# [Task to carry out]
In the entries below, find the line with "Signed Print of" and print exactly every line from there up to and including the line with "HomeRoots 8' X", with no other lines.

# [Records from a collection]
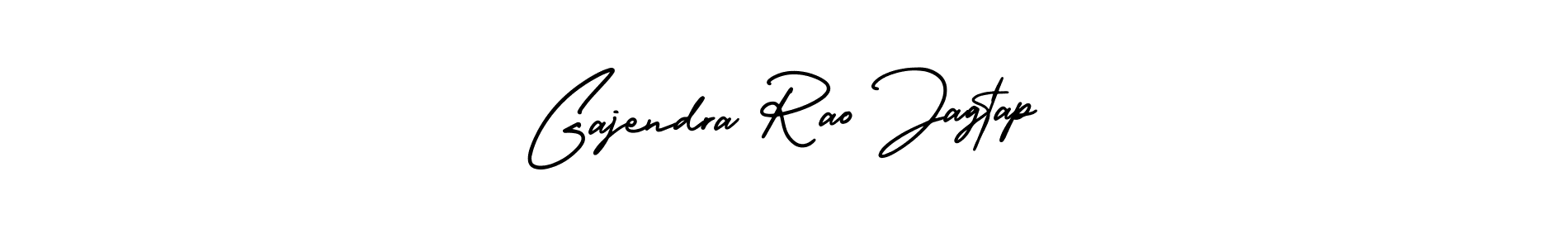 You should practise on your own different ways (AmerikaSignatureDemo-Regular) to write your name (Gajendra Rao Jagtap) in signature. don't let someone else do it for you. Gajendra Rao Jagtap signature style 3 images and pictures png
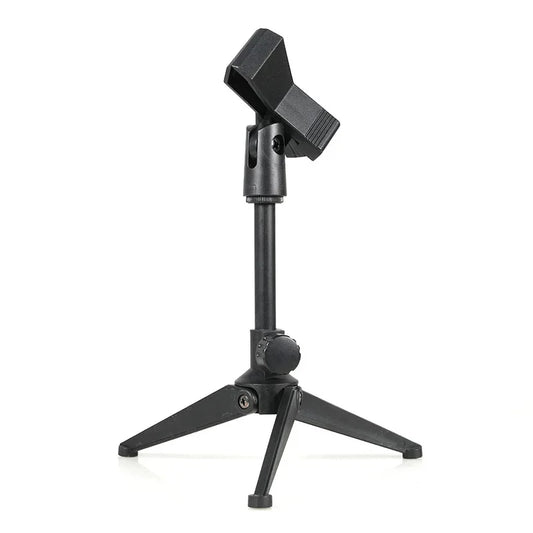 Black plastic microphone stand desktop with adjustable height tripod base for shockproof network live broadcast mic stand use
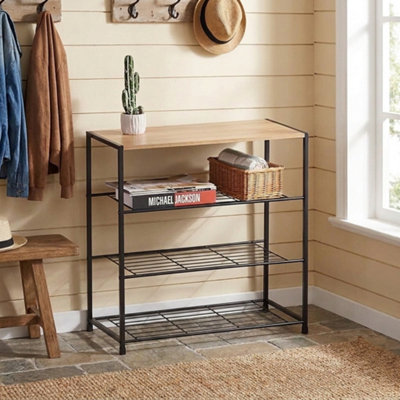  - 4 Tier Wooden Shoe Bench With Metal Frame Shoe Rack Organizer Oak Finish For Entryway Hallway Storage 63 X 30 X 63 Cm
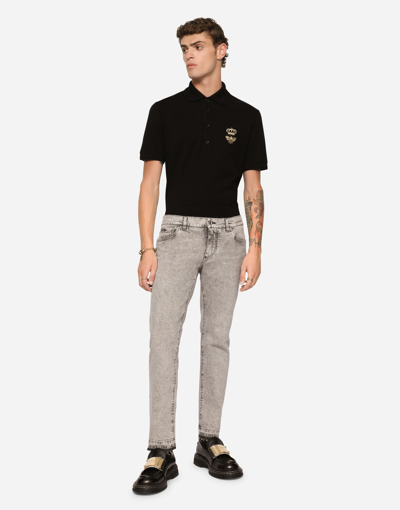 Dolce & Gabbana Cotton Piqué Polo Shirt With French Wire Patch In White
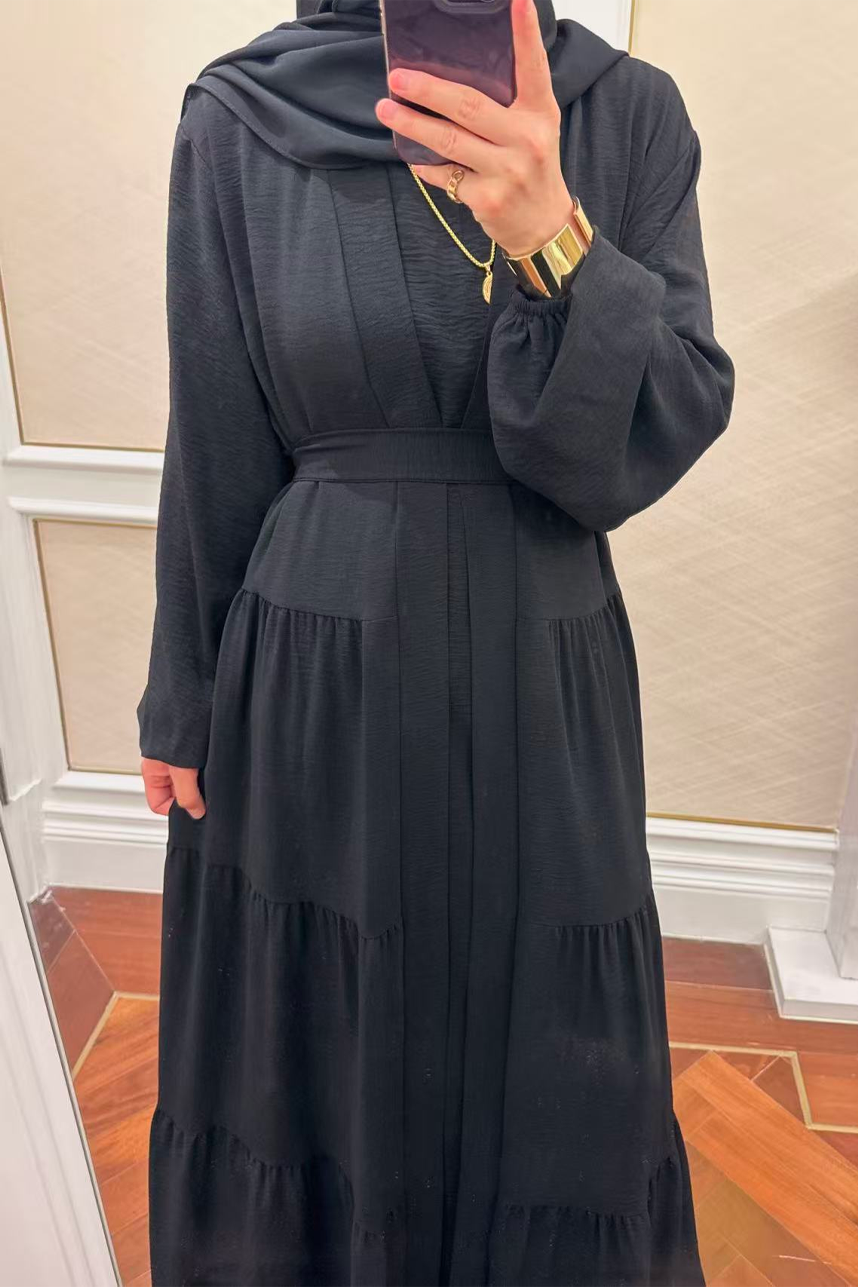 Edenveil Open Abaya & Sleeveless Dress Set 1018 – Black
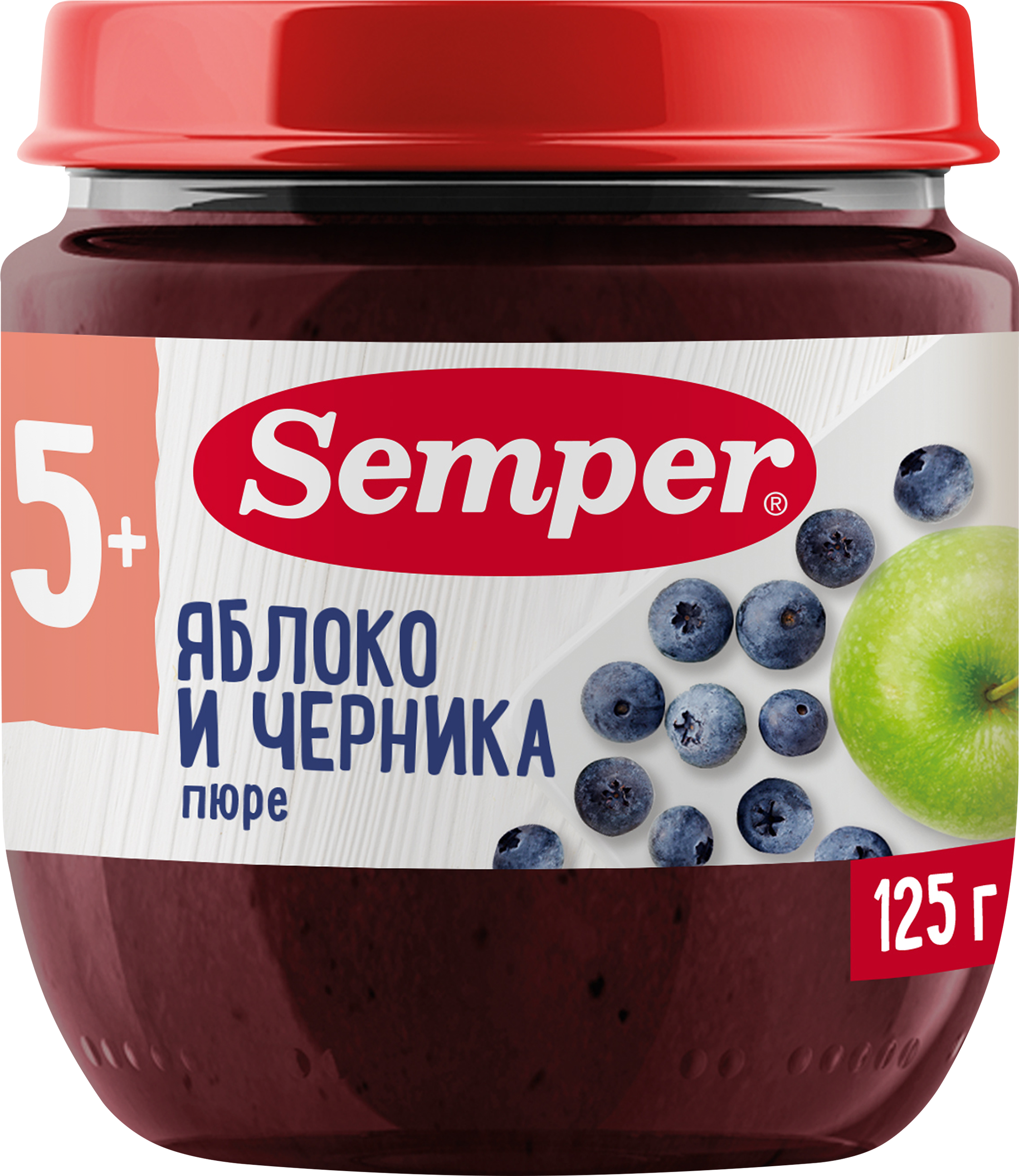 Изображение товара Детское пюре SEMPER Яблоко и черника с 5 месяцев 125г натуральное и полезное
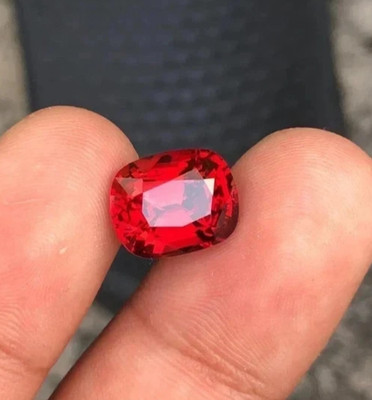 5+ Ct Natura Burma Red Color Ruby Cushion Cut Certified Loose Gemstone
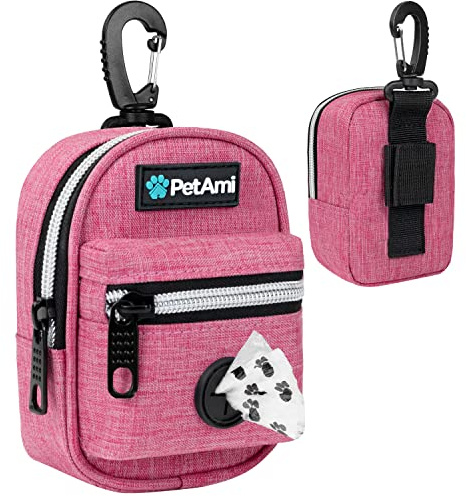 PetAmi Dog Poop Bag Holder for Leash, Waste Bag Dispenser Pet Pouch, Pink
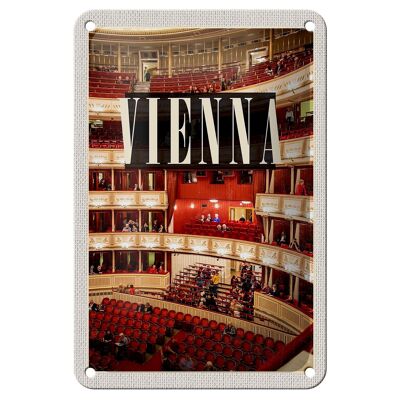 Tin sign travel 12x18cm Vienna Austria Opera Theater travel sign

---

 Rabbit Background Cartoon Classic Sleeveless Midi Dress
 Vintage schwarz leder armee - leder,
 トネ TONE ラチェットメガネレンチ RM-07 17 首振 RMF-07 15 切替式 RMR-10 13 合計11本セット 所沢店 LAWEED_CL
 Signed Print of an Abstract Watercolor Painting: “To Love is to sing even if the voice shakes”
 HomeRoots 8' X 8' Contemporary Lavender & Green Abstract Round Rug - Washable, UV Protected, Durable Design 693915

# [Solution to this exercise]
 Signed Print of an Abstract Watercolor Painting: “To Love is to sing even if the voice shakes”
 HomeRoots 8' X 8' Contemporary Lavender & Green Abstract Round Rug - Washable, UV Protected, Durable Design 693915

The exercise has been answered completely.